Fri Oct 22 11:25:58 EDT 2004

I've isolated a bug I first reported on this mailing list in August.  
I've now confined it to a small code snippet using entirely open-source 
software (previously I saw it while using Intel's IPP).  In a nutshell, 
importing numarray.ieeespecial triggers a floating point exception 
(which kills my program) when I call Numeric's 
singular_value_decomposition() function:

import Numeric
from LinearAlgebra import singular_value_decomposition

if want_FPE:
    import numarray.ieeespecial

A= [[-5.7, 2.2, -0.53, 46.0],
    [-2.3, -5.5, -1.0, 1091.0],
    [5.9, 1.4, -0.1, -142.0],
    [-1.3, 5.7, -1.5, 2673.0]]
A=Numeric.array(A)
u,s,v = singular_value_decomposition(A) # FPE triggered here

Here's my setup:

$ python
Python 2.3.4 (#2, Sep 24 2004, 08:39:09)
[GCC 3.3.4 (Debian 1:3.3.4-12)] on linux2
Type "help", "copyright", "credits" or "license" for more information.
 >>> import Numeric
 >>> Numeric.__version__
'23.6'
 >>> import numarray
 >>> numarray.__version__
'1.2a'

$ gcc -v
Reading specs from /usr/lib/gcc-lib/i486-linux/3.3.4/specs
Configured with: ../src/configure -v 
--enable-languages=c,c++,java,f77,pascal,objc,ada,treelang --prefix=/usr 
--mandir=/usr/share/man --infodir=/usr/share/info 
--with-gxx-include-dir=/usr/include/c++/3.3 --enable-shared 
--with-system-zlib --enable-nls --without-included-gettext 
--enable-__cxa_atexit --enable-clocale=gnu --enable-debug 
--enable-java-gc=boehm --enable-java-awt=xlib --enable-objc-gc i486-linux
Thread model: posix
gcc version 3.3.4 (Debian 1:3.3.4-13)

Now, for the clue:  the above error is ONLY triggered when I compile 
Numeric to use system blas and friends, not when I use lapack_lite 
included with Numeric.  This leads me to suspect it is related to the 
SSE2 unit -- I have Debian sarge's atlas3-base, atlas3-see, atlas3-sse2, 
blas, lapack, lapack3, and refblas3 packages installed on my P4 machine.

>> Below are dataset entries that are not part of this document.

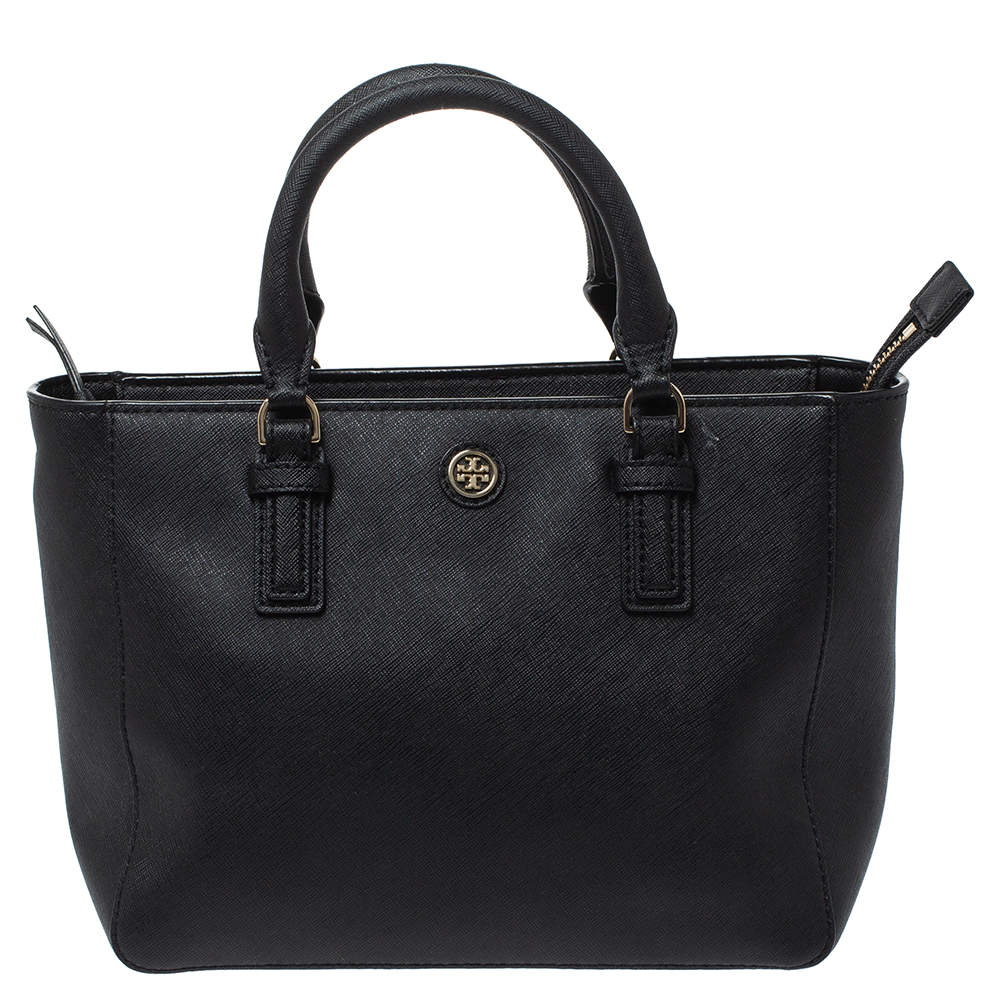 Tory Burch Black Leather Mini Robinson Tote Tory Burch | The Luxury Closet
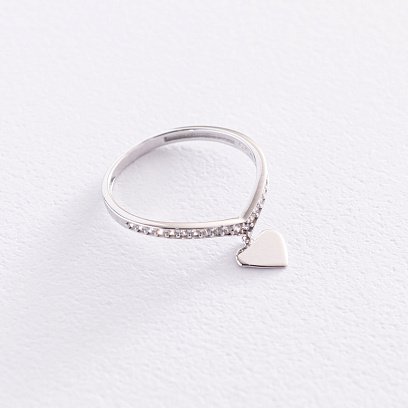Золотое кольцо "Сердечко" с фианитами к06827 №2
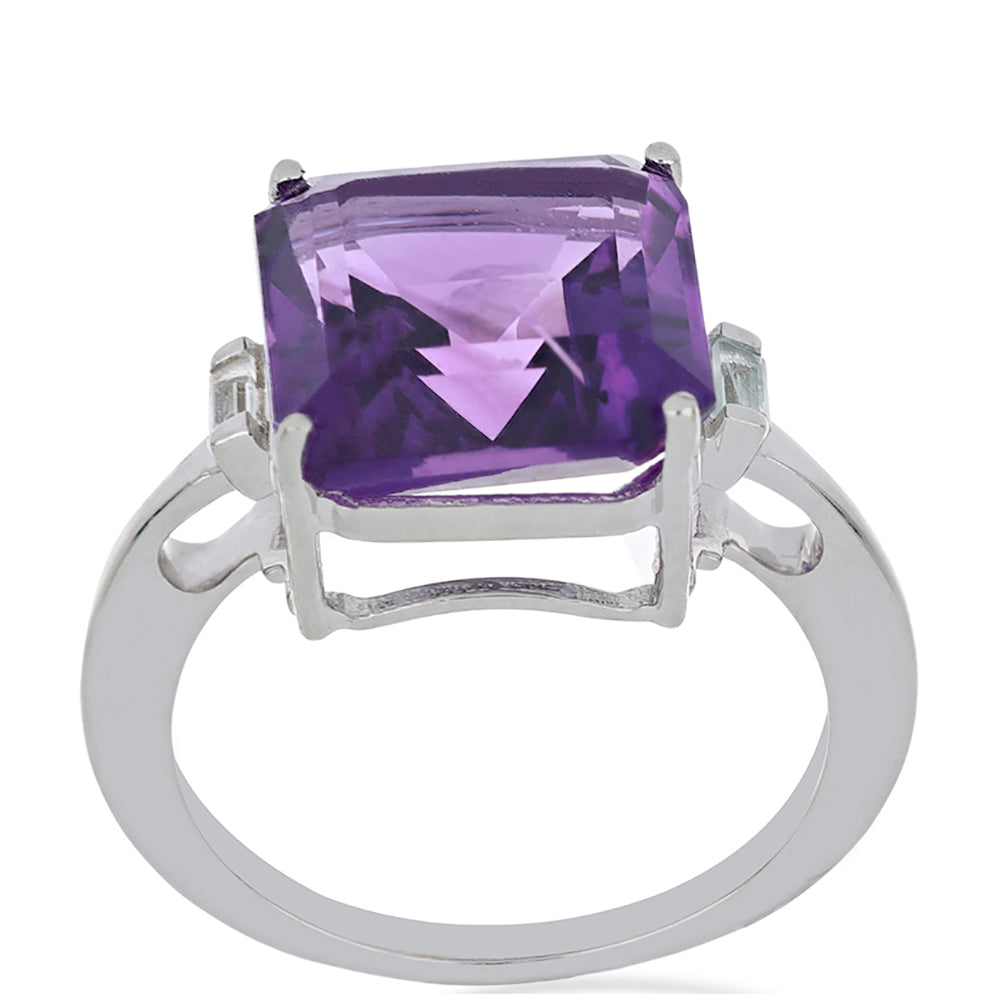 Silberring mit marokkanischem Amethyst und weißem Topas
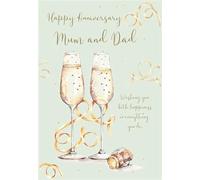 Mum and Dad Anniversary Card - Champagne Glasses, Streamers & Sentiment Verse Embossed with Foil & Flitter Details - Made in the UK by ICG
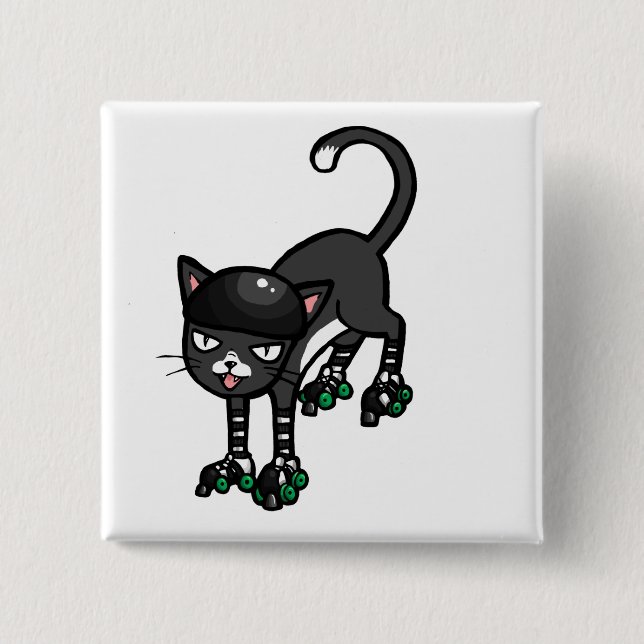 Black and white cat on Rollerskates 2 Inch Square Button (Front)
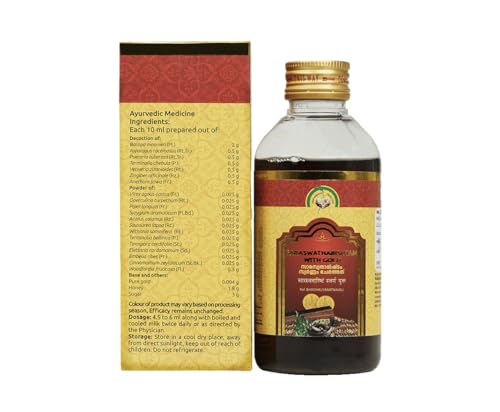 Image of SARASWATHARISHTAM WITH GOLD (450ml) | Memory loss, General debility, Learning difficulty & Speech disorders | Vaidyaratnam | Ayurvenue.com
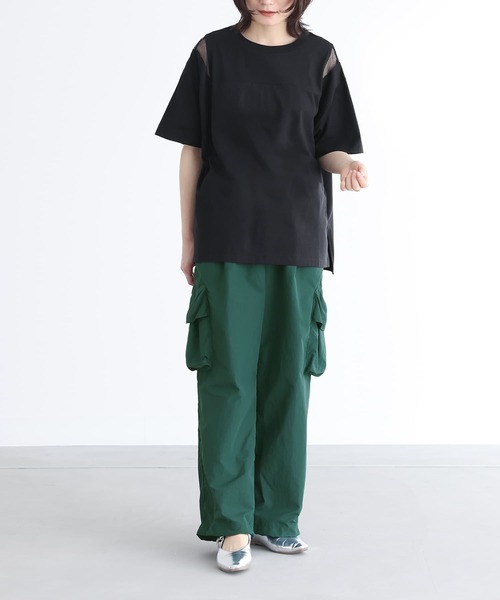 n'OrLABEL(ノアールレーベル)の「ショルダーメッシュ切替Tシャツ(Tシャツ/カットソー・レディース・グレイッシュブルー/オフホワイト/ブラック・FREE)」の17枚目の写真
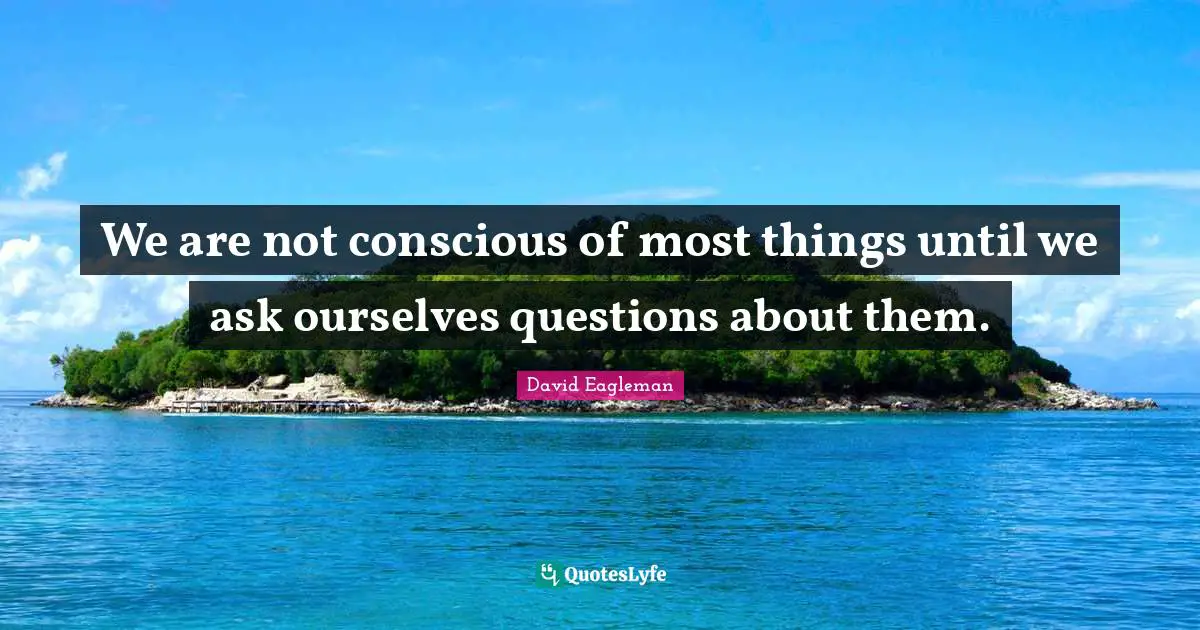 We are not conscious of most things until we ask ourselves questions about them.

So, to propose a hypothesis: numarray.ieeespecial sets the FPE bit in 
the SSE2 hardware, but for some reason this does not raise SIGFPE.  
However, when the next call that touches SSE2 happens, the kernel sees 
that error bit and throws the signal.  Does this explanation make 
sense?  Is it easy to fix?

Cheers!
Andrew